■ SUPPLIED INFORMATION
=== Section Start ===

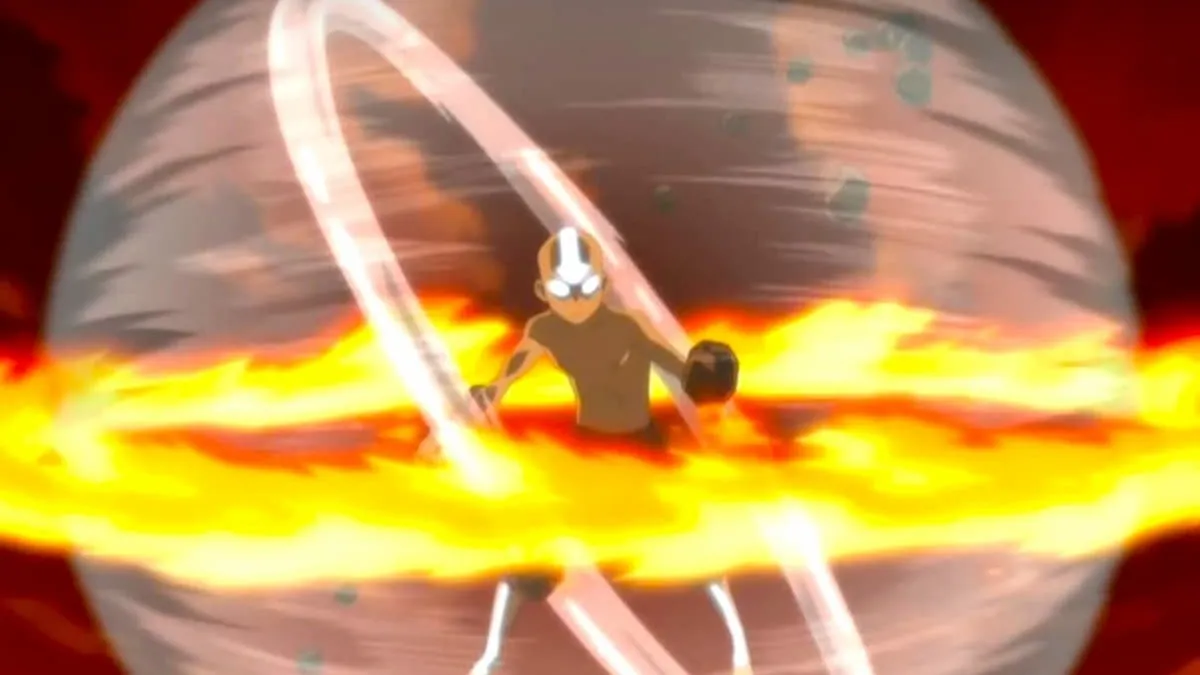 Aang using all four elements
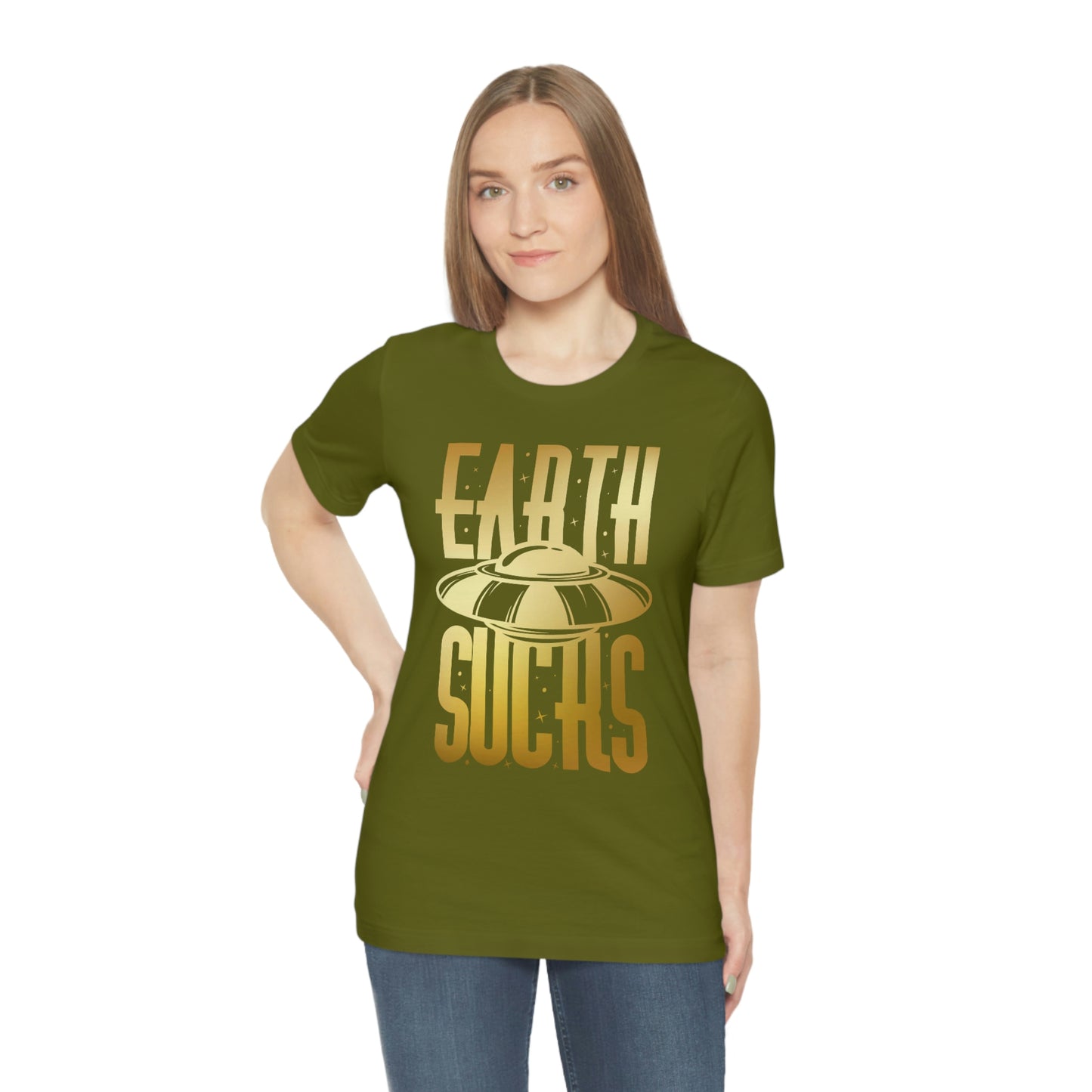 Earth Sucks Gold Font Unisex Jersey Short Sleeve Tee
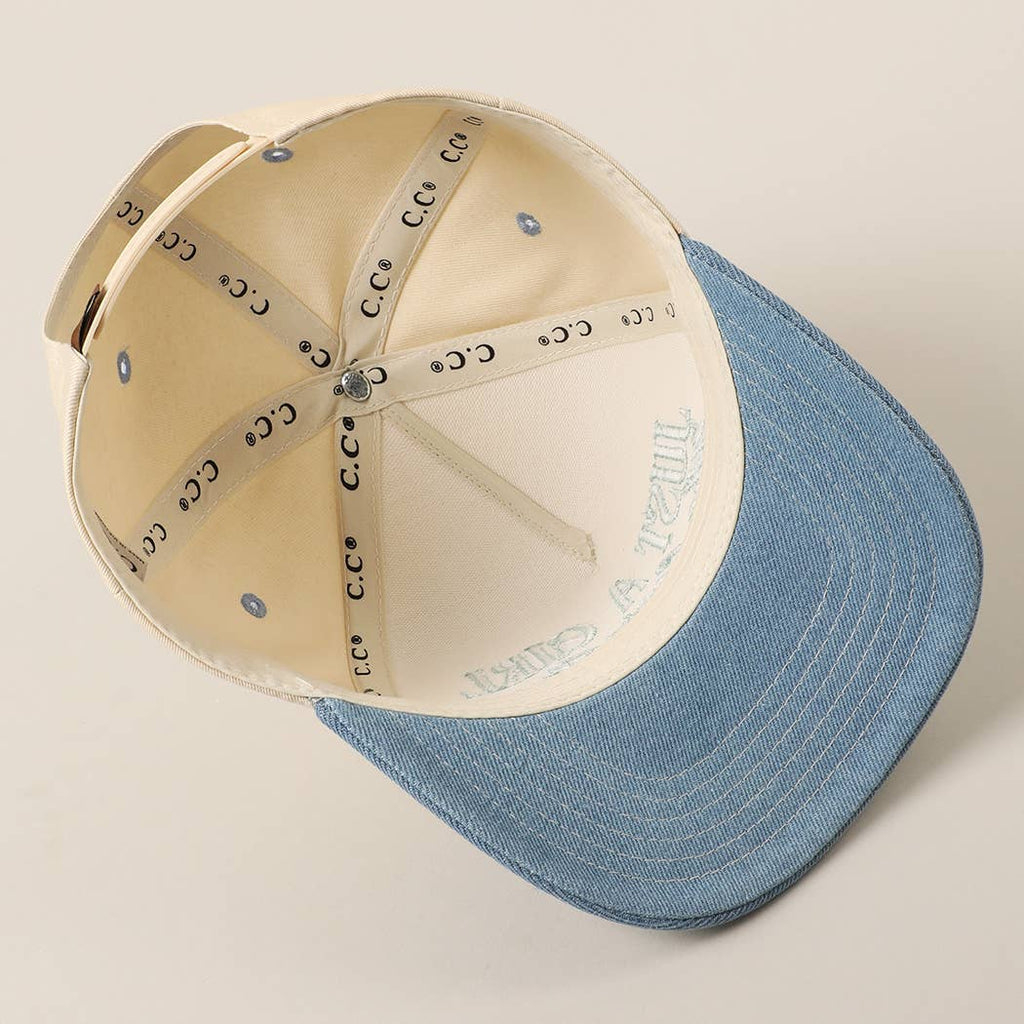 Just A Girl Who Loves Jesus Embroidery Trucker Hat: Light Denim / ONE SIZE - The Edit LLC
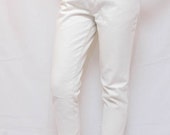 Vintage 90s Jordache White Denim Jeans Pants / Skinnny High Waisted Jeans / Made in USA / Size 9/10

=== Section End ===

■ WHAT NEEDS TO BE DONE
The answer should contain every line of the material exactly as written and no pictures.

■ ANSWER FOR THIS EXERCISE
 Aang using all four elements
 Earth Sucks Gold Font Unisex Jersey Short Sleeve Tee
 Just A Girl Who Loves Jesus Embroidery Trucker Hat: Light Denim / ONE SIZE - The Edit LLC
 Vintage 90s Jordache White Denim Jeans Pants / Skinnny High Waisted Jeans / Made in USA / Size 9/10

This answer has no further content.